Kent Johnson kent_johnson at skillsoft.com
Fri Oct 22 13:38:54 CEST 2004


A couple more quick ideas:

You may not even need to take the sum of squares in get_distance(). 
max(abs(ax-bx), abs(ay-by)) would probably work fine for your purposes, 
since you are just trying to find points that are visually close.

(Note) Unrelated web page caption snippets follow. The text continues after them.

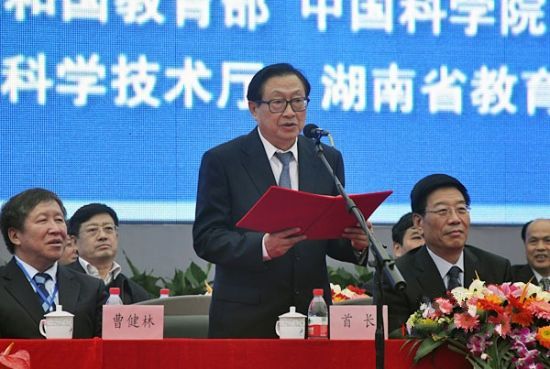全国人大常委会副委员长华建敏宣布开幕。 2012中国长沙科技成果转化交易会隆重开幕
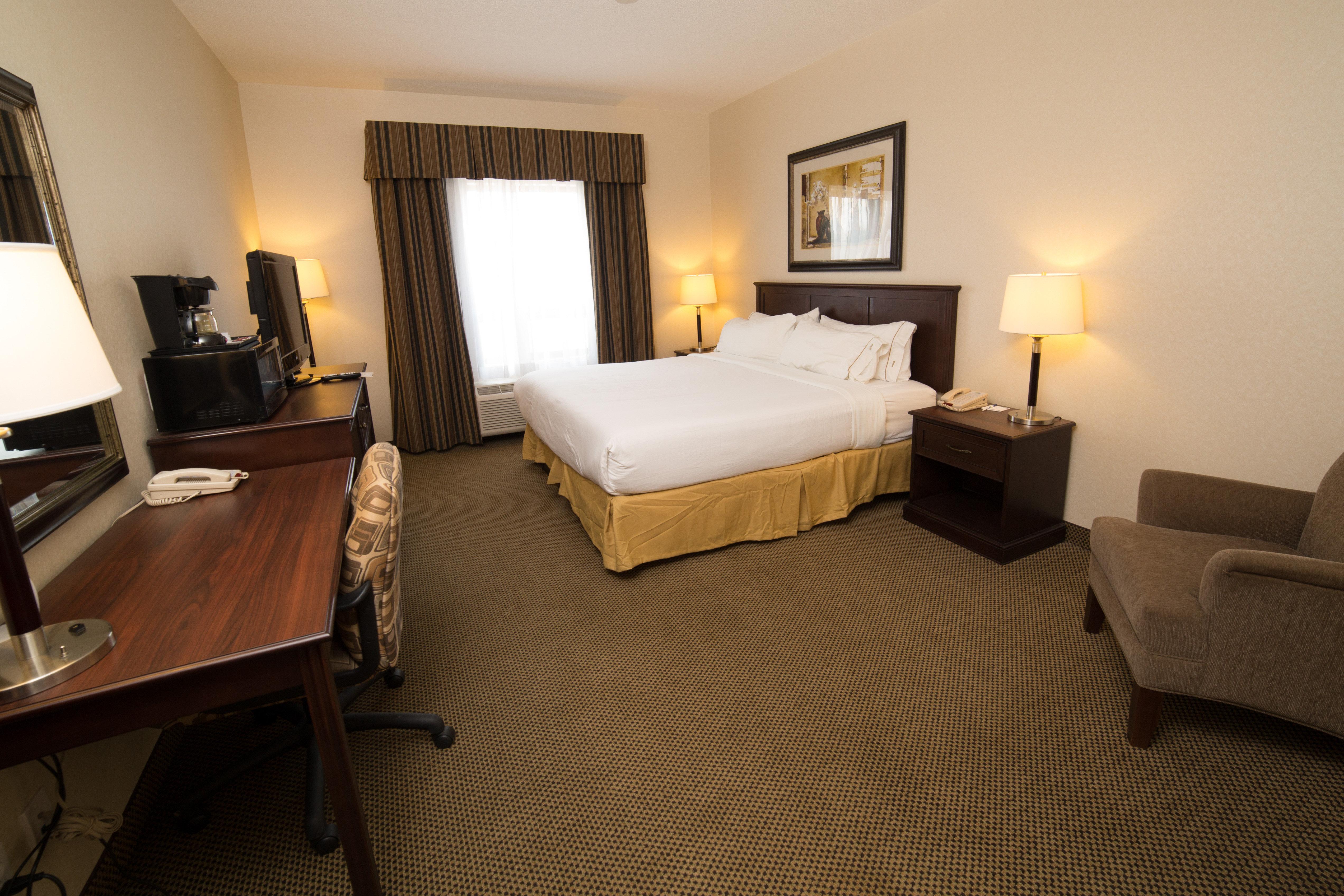 Holiday Inn Express & Suites Whitecourt By Ihg Εξωτερικό φωτογραφία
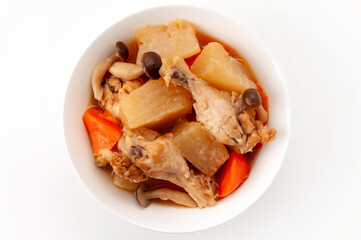 鶏手羽元と大根の煮物 人参としめじ入り 和風家庭料理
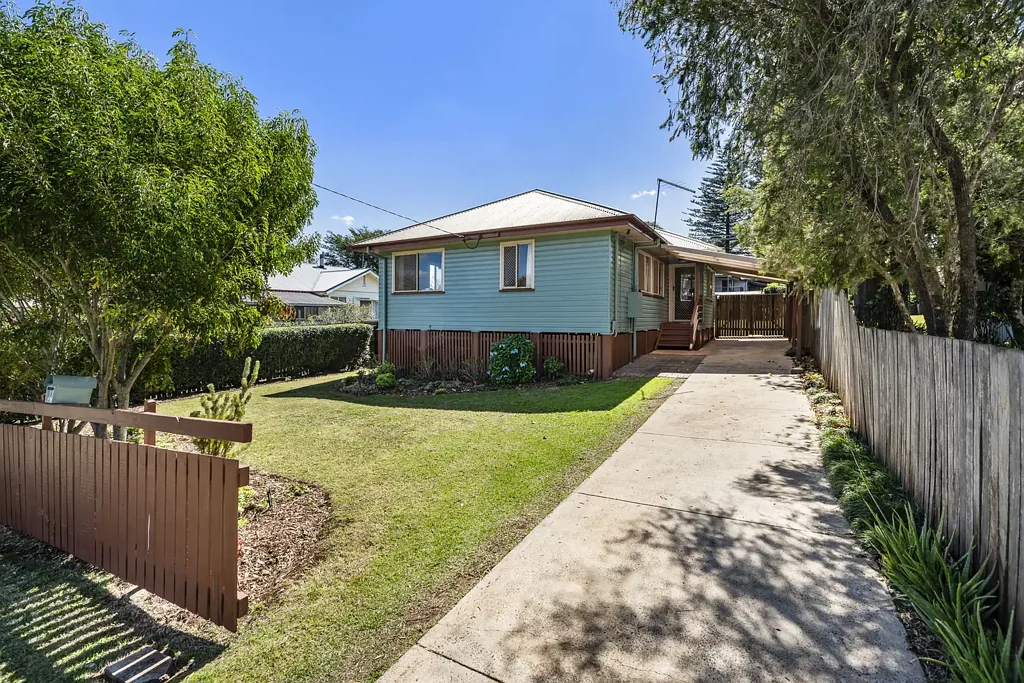 Harlaxton 3ਬੈੱਡਰੂਮ Your Perfect First Home - Renovated, Charming & Ready to Enjoy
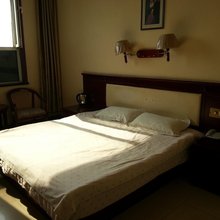 郓城华联润发商务宾馆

You could keep a sorted list of (x, y) coordinates and use that for finding 
the nearest neighbor. Use the bisect module to find where to insert a new 
point in the list. To find the closest point search both ways in the list 
looking for points that are close. If you use the distance metric above you 
can stop searching when abs(ax-bx) is greater than your "closeness" cutoff.

HTH
Kent

At 06:03 AM 10/22/2004 -0400, Kent Johnson wrote:
>A few tweaks for your current algorithm:
>
>- Don't do the sqrt in get_distance(), you don't need the actual distance. 
>Change Sequence.distance to 0.005**2 and everything will work the same.
>
>- Keep the dict keys as floats so you don't have to convert every time in 
>get_distance(), the conversion is likely to be expensive.
>
>- This is gross abuse of a dictionary! You are getting the keys as a list 
>and searching the list!!
>         if s.start in endpoints.keys():
>             endpoints[s.start].append(s)
>
>instead use
>         if s.start in endpoints:
>             endpoints[s.start].append(s)
>
>or my preference which only looks up s.start once:
>       try:
>             endpoints[s.start].append(s)
>       except KeyError: pass
>
>Not sure why you have this. s.start will only be in endpoints once:
>>         if self.points[0] == self.points[-1]:
>>             try: endpoints.pop(s.start)
>>             except KeyError: pass # I don't understand why this exc. is 
>> called
>
>Kent
>
>At 09:49 AM 10/22/2004 +0200, Michael Dunn wrote:
>> > Message: 9
>> > Date: Thu, 21 Oct 2004 20:29:42 -0400
>> > From: Kent Johnson <kent_johnson at skillsoft.com>
>> > Subject: Re: [Tutor] Re: processing lines and polygons
>> >
>> > Michael,
>> >
>> > The problem with snap-to-grid is you can still have two points that are
>> > close but snap to different grid points. Maybe you could put all the 
>> points
>> > into a sorted list and go through it looking for points that are close? If
>> > the list contained the point and the list containing the point, you could
>> > merge them...
>> >
>> > Kent
>>
>>Hi Kent,
>>
>>Yeah, the problem with points snapping to different grid points occurred 
>>to me
>>before I got too far, so I went with just iterating through the list of
>>endpoints searching for near points (I specifically don't want to join any
>>lines by their middles, which makes the task easier). Current problems:
>>
>>1. This search is very slow, which is only a bit of a problem, since I don't
>>need to run this script many times once it's working. However, maybe you (or
>>anybody else interested) could take a look at the get_distance function. 
>>There
>>must be some way of sorting the list of points so I don't have to iterate
>>through the entire thing.
>>
>>2. The endpoint matching routine fails if a segment should be matched at both
>>ends. I think I can get around this by filtering the data through the 
>>script a
>>few times (i.e. until no further changes are made) before doing the format
>>conversion.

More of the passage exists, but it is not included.